Bernie Sanders Raises $25 Million In Third Quarter
Bernie Sanders has slipped in the polls but retains his ability to raise money.
With the end of the quarter coming yesterday, campaigns are at the end of their quarterly reporting period for the Federal Election Committee. Among the first to report is Vermont Senator Bernie Sanders, who raised an impressive amount of money over the past three months:
Bernie Sanders raised more than $25 million in the third quarter of the year, his aides announced Tuesday.
The large haul demonstrates the Vermont senator, despite slipping to third place behind Elizabeth Warren and Joe Biden in national polling averages, remains a fundraising juggernaut. Sanders also recently revealed that 1 million people have donated to his bid for the White House — a milestone he reached faster than any Democratic presidential candidate in history.
Sanders’ staffers said the most common profession among his contributors during the quarter is teaching and the most common employers of his donors are Walmart, Amazon and Starbucks. The average contribution was just over $18, they said.
“Bernie is proud to be the only candidate running to defeat Donald Trump who is 100 percent funded by grassroots donations — both in the primary and in the general” elections, Sanders campaign manager Faiz Shakir said. “Media elites and professional pundits have tried repeatedly to dismiss this campaign, and yet working-class Americans keep saying loudly and clearly that they want a political revolution.”
Sanders’ aides said the second best fundraising day of the year was Monday, when Sanders announced a plan to tax high-earning CEOs in an effort to reduce the widening gap between the nation’s rich and poor.
Though Shakir did not mention Warren by name, his statement could be interpreted as a reference in part to Sanders’ 2020 opponent, who said she would not participate in big-money fundraisers in the primary but would not unilaterally disarm against President Donald Trump in a general election. Sanders has sworn off high-dollar fundraisers for the entire campaign.
These numbers compare favorably with those from earlier in the year and are a strong indication of the fact that Sanders will be able to afford to stay in the race for quite a long time to come. In the first quarter of 2019, Sanders raised $18 million, which was among the highest reported by any of the declared candidates at that time. Similarly, he raised roughly the same amount of money in the second quarter, which put him near the top for that quarter as well. The fact that he was able to improve on those numbers by roughly 39% is a strong indication that, notwithstanding the fact that he has slipped in the polls recently to the point where he is now running in third place behind former Vice-President Biden and Senator Warren, he will be able to continue to compete in this race well past the February primaries and caucuses and into Super Tuesday on March 4th. Where he goes from there depends on the voters.

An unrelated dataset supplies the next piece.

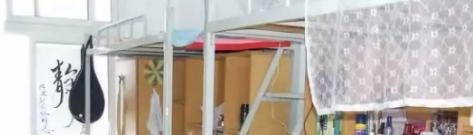 重庆万州外国语学校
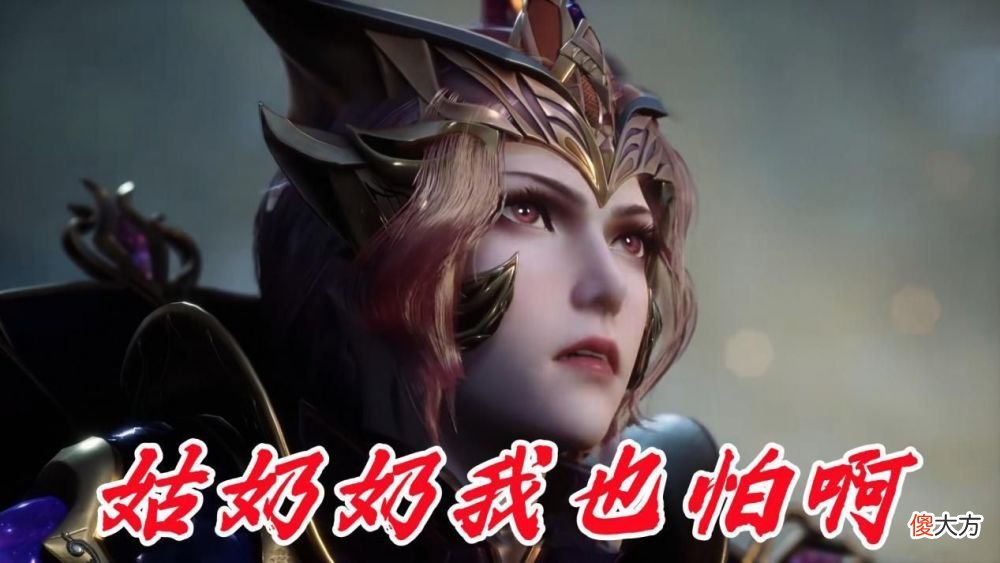 【游戏迷】大明二明怎么活下来的？几个封号斗罗就能围杀的魂兽，早就该死了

Update: It was reported this morning that Sanders underwent an emergency heart procedure last night and will be off the campaign trail for the foreseeable future:
Bernie Sanders experienced chest discomfort during a campaign event on Tuesday and had two stents inserted to address a blockage in an artery, his campaign announced.
“Sen. Sanders is conversing and in good spirits. He will be resting up over the next few days,” senior adviser Jeff Weaver said in a statement. “We are canceling his events and appearances until further notice, and we will continue to provide appropriate updates.”
Sanders has kept up a relentless campaign schedule, particularly during the summer months, and often makes three or four stops a day in different regions. He was scheduled to appear at a gun policy forum in Nevada Wednesday, and then make seven stops in California on Thursday and Friday.
At 78, Sanders is the oldest candidate in the Democratic field. But the senator projects vigor belying his age on the trail, and has not been faced with questions regarding stamina and mental acuity that have plagued former Vice President Joe Biden, who is two years younger.
Advertising Analytics, an ad tracking firm, confirmed to POLITICO that the Sanders campaign canceled the entirety of its recently scheduled ad buy in Iowa on broadcast and cable television. The Sanders campaign had announced a $1.3 million ad buy on Monday in the state, and it was set to begin on Thursday. Mike Casca, a spokesman for Sanders, said it’s “just a postponement” and did not elaborate further.
Best wishes for a speedy recovery to Senator Sanders.